PROBLEM
With the line containing "Metal Wall Art" as the start and the line containing "Euro Clear Lens" as the end, transcribe that span of the entries below exactly, including both.

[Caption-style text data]
*-*-*
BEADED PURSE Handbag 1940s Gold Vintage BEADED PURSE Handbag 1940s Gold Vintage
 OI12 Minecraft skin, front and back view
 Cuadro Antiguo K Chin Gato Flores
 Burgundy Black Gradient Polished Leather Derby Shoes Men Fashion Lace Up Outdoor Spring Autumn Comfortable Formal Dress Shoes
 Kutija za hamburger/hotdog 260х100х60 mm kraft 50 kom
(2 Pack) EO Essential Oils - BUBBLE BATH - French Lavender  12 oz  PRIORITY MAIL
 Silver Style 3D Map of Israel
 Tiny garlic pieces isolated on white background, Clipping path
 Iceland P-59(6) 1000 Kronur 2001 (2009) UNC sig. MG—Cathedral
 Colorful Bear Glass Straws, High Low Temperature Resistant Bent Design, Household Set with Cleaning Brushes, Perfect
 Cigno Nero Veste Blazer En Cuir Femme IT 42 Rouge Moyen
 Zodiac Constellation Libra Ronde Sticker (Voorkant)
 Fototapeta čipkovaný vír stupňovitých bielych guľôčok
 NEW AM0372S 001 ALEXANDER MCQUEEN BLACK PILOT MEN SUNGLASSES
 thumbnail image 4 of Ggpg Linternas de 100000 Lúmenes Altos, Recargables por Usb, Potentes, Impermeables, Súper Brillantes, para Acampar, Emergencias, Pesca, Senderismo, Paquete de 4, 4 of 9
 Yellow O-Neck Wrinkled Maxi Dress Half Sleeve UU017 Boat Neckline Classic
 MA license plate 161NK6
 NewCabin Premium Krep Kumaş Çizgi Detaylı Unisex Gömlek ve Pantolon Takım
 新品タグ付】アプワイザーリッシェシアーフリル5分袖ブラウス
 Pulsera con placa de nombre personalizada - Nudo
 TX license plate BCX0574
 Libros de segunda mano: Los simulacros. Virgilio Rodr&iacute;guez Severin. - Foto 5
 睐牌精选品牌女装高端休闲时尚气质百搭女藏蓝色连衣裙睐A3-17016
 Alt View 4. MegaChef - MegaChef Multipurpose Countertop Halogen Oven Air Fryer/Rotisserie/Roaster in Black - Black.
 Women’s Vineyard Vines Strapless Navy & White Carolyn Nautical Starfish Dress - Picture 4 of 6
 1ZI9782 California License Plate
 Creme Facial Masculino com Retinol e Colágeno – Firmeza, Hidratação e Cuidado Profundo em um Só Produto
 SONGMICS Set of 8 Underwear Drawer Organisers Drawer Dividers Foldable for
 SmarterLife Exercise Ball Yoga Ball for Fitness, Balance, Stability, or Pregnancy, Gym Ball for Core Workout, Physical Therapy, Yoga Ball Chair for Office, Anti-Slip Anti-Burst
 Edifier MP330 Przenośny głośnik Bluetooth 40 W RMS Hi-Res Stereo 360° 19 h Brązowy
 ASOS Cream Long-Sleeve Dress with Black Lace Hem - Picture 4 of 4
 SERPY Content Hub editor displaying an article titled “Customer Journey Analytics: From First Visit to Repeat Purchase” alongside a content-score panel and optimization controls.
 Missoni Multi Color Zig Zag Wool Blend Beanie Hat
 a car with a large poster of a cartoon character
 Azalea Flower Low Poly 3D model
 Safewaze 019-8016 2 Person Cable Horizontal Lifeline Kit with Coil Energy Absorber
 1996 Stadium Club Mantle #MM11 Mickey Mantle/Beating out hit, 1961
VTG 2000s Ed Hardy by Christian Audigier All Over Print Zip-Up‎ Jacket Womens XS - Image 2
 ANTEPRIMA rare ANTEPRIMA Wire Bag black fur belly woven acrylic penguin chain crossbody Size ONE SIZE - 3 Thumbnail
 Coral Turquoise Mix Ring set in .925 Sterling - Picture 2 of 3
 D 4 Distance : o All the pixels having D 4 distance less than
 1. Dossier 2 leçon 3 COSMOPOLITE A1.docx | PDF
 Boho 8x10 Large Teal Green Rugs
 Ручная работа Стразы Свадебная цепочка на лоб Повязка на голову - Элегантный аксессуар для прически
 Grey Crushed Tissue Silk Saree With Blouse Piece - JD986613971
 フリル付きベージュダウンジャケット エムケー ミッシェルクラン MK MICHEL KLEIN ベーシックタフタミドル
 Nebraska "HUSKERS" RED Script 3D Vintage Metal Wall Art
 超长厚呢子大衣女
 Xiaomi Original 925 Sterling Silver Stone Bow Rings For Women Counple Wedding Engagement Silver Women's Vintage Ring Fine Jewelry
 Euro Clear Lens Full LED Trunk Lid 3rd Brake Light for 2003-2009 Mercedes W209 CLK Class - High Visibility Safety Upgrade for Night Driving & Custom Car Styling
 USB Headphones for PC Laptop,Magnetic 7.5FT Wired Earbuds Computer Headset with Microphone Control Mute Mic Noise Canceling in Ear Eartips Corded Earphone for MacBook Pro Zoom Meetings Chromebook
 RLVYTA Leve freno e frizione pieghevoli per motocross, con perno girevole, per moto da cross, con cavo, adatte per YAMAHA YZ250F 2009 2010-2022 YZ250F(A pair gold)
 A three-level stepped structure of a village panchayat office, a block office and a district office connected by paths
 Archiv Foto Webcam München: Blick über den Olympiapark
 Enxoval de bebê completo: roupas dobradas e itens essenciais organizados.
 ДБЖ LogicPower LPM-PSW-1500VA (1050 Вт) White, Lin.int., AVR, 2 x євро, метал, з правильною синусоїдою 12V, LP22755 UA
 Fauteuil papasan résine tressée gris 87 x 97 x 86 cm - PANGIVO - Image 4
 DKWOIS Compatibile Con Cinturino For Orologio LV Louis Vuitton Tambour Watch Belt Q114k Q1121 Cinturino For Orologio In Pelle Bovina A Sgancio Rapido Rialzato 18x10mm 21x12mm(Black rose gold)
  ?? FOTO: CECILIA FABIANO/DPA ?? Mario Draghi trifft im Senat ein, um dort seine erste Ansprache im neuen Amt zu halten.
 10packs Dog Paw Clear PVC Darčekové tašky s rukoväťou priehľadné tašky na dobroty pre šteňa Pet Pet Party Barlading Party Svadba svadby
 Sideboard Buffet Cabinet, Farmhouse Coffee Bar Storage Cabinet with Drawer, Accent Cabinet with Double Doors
*-*-*
ANSWER BELOW
 Nebraska "HUSKERS" RED Script 3D Vintage Metal Wall Art
 超长厚呢子大衣女
 Xiaomi Original 925 Sterling Silver Stone Bow Rings For Women Counple Wedding Engagement Silver Women's Vintage Ring Fine Jewelry
 Euro Clear Lens Full LED Trunk Lid 3rd Brake Light for 2003-2009 Mercedes W209 CLK Class - High Visibility Safety Upgrade for Night Driving & Custom Car Styling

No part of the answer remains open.